Los iconos de acceso a los objetos coleccionados en Wonderwalker tienen tres presentaciones, sólo diferenciadas por el criterio de acomodo del material. En la primera, llamada “Mapa”, se muestra una constelación caótica de símbolos creados por los propios coleccionistas. El resultado visual es una gran mancha, una nube de insectos virtuales que sobrevuela la pantalla. En este espacio se ve el material tal y como lo dejaron los partícipes del juego. El mapa sensible, así, da la impresión de un cuarto, más que de maravillas, de juguetes en desorden. En la segunda forma del índice de este sitio, titulada “El coleccionista”, los iconos se encuentran ordenados en función de quién los seleccionó. La tercera forma de acceso o, más propiamente, de conexión con los contenidos mundiales del sitio, representa un cronograma en el que los objetos propuestos aparecerán dentro de una línea temporal que los relaciona entre sí.
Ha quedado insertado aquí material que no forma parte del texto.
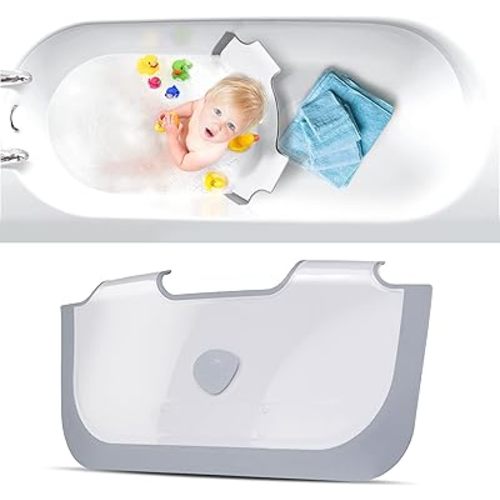BabyDam: The Original Bathwater Barrier- Use Less Water While Giving Your Baby a Fun Place to Bath. Fits UK/EU Straight Sided Tubs Up to 22.8” Wide. Turn Your Family's Bathtub into Your Kid’s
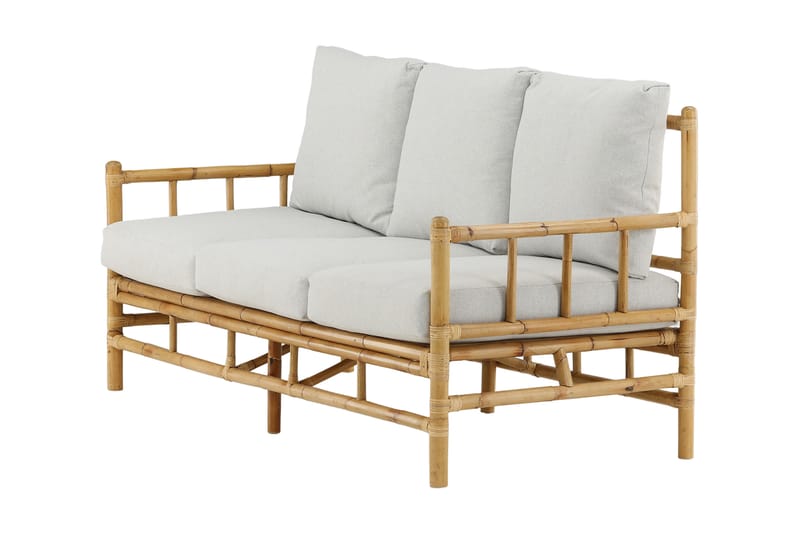 Cane Sofa 3-seters - Brun/Hvit - Hagemøbler - Loungemøbler - Lounge sofa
Wonderwalker no es una colección de obras bellas y palpables, como las que uno esperaría encontrar en la galería del archiduque Leopoldo Guillermo o en la colección de teteras de Jonathan Edax. Es más bien un compendio de rarezas, de páginas disparatadas y aun absurdas. Más que la visión de un coleccionista en particular, lo que este espacio busca es concentrar los afanes indagatorios y acumulativos de algunos internautas enviciados por aquello que, de tan personal, apenas descubierto suele escurrirse por entre los dedos.